Split up legacy module into more maintainable parts
Our legacy module is a mess. That code dates back to a time when we tried to use a single database for all our statistics and for a service called relay search, which was not the same service as today's relay search. While I'm not ruling out that we can make a single-database approach work for everything we want to do with our data, it's not going to be this database.
It's time to move away from this legacy database and take a similar approach as we're taking for the other modules, where we only store the relevant parts that we need for our graphs.
As of now, the legacy module provides data for the following graphs:
- In the Servers category:
- Relays and bridges
- Relays by relay flag
- Relays by tor version
- Relays by platform
- In the Traffic category:
- Total relay bandwidth
- Advertised and consumed bandwidth by relay flag
- Consumed bandwidth by Exit/Guard flag combination
- Bandwidth spent on answering directory requests
Viewed from a different perspective, these 8 graphs show 3 different metrics:
- Relay or bridge counts in graphs 1 to 4
- Advertised bandwidths in graphs 5 and 6
- Bandwidth histories in graphs 5 to 8
I could imagine that we make the following changes to split up the legacy module into more maintainable parts:
- Use existing data from the ipv6servers module for graph 1 and for the advertised bandwidth portions in graphs 5 and 6. This data already exists with only trivial differences affecting how we're treating missing data. We could just switch.

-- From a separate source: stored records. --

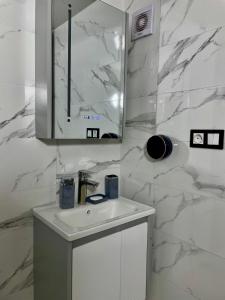 a white bathroom with a sink and a mirror at Fes Golf Residence in Fez +16 photos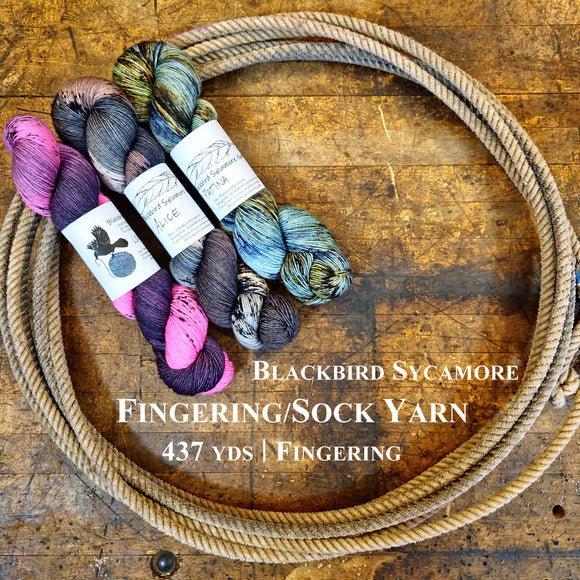 Skeins of Blackbird Sycamore Fingering/Sock Yarn on a wooden surface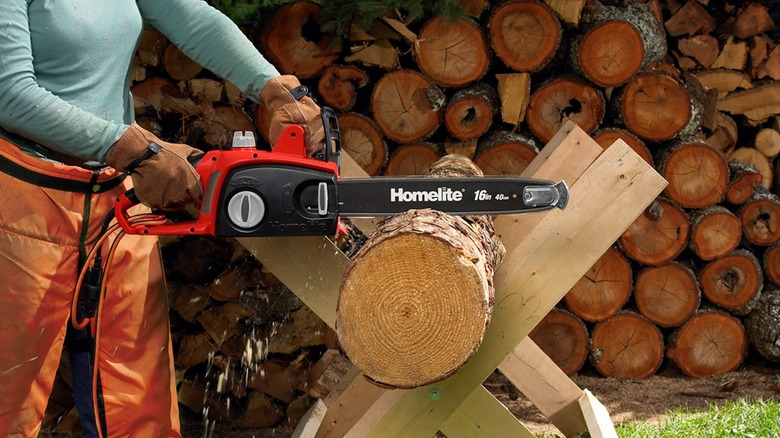 cutting log with Homelite chainsaw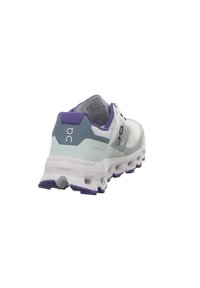 Chaussure de course avec une tige en mesh blanc, des accents bleu clair, un contrefort de talon violet et une semelle blanche texturée avec des coussinets de rembourrage visibles.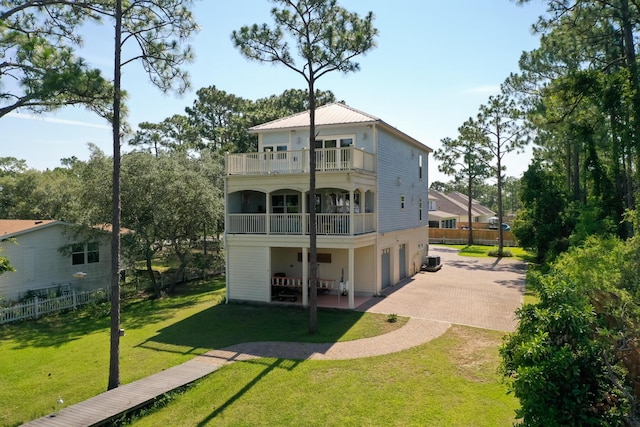 back of property featuring a patio, a balcony, central AC unit, and a lawn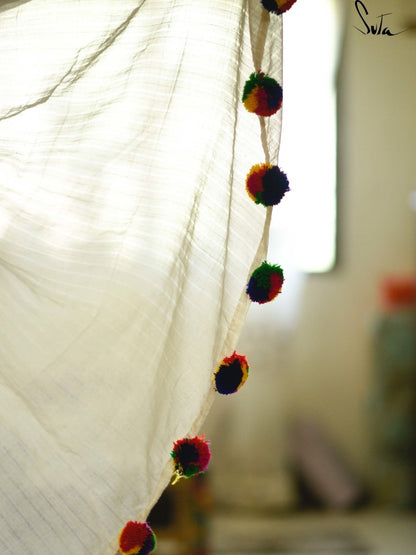 White with multicoloured pom pom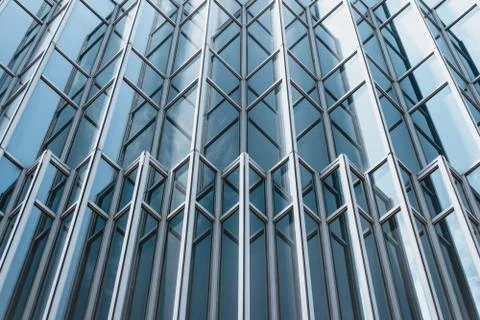 Underside panoramic and perspective view to steel blue glass high rise buildi Stock Photos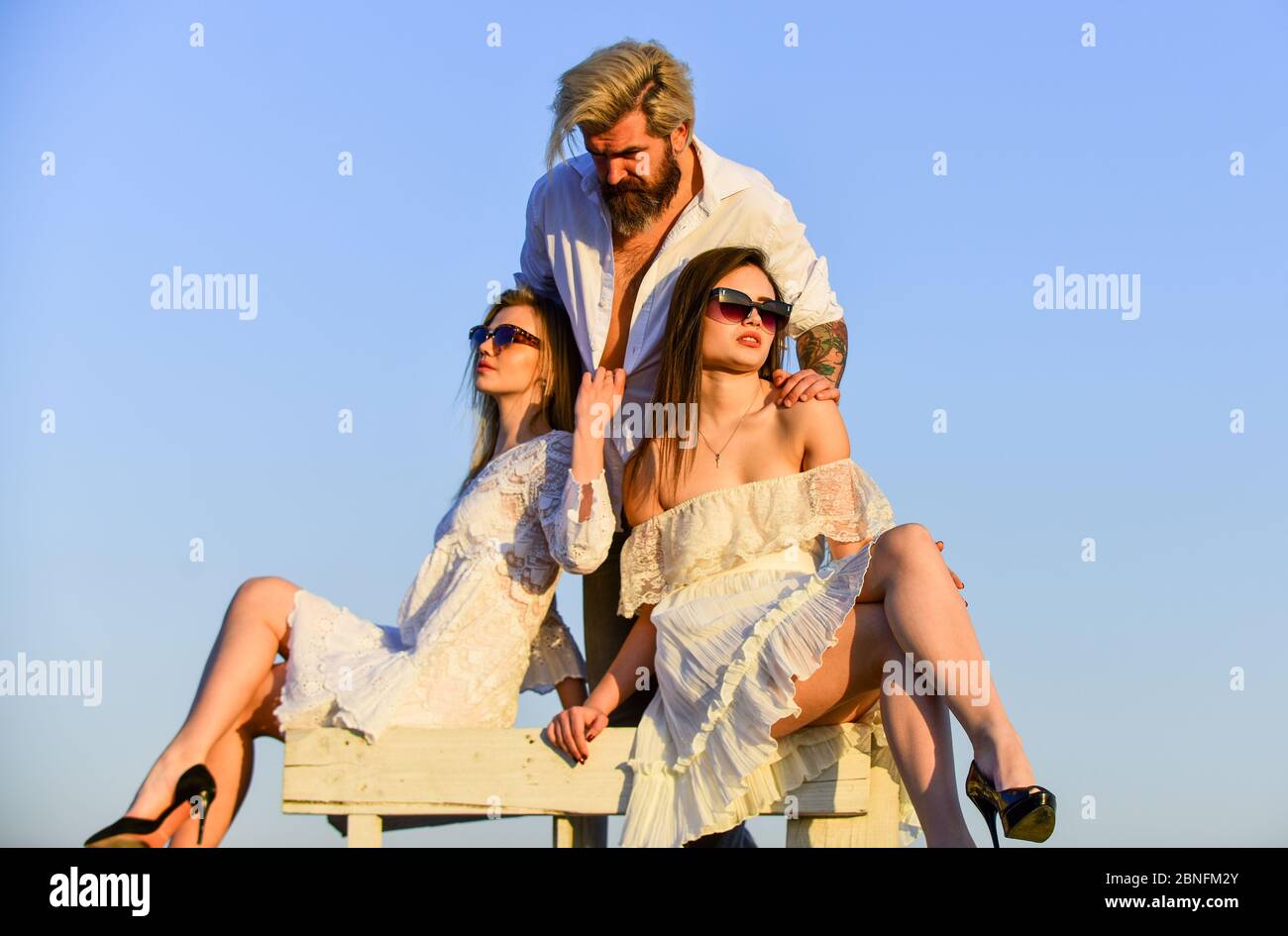 Trio lovers. Free relationship. Threesome concept. In love with both.  Rooftop party. Stylish hipster and women white clothes. Women and man  cuddling. Summer holidays. Relations friendship romance Stock Photo - Alamy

- Extend the ipv6servers module to also provide data for graphs 2 to 4. This extension would require us to reimport the entire archive, so it's more of a rewrite. But the ipv6servers module code is much cleaner and easier to extend than the legacy module code. And when we extend that module, we can relatively easily add bridge statistics and other relay metrics like consensus weight or path selection probabilities that we can use in new graphs later on. All in all not a trivial amount of work, but probably worth it.
- Keep the remaining parts of the legacy module for the bandwidth history parts in graphs 5 to 8. Bandwidth histories are going to be replaced by PrivCount data in the medium term anyway. We could keep the legacy module around for another year or two without planning to change much during that time. And when we shut it down, we can keep a copy of the aggregate data around, just like we're going to keep a static summary of the Tor Messenger statistics (legacy/trac#26047 (moved)).
I'll start working on the second suggested change above. The two other changes depend on whether that second change can be made successfully.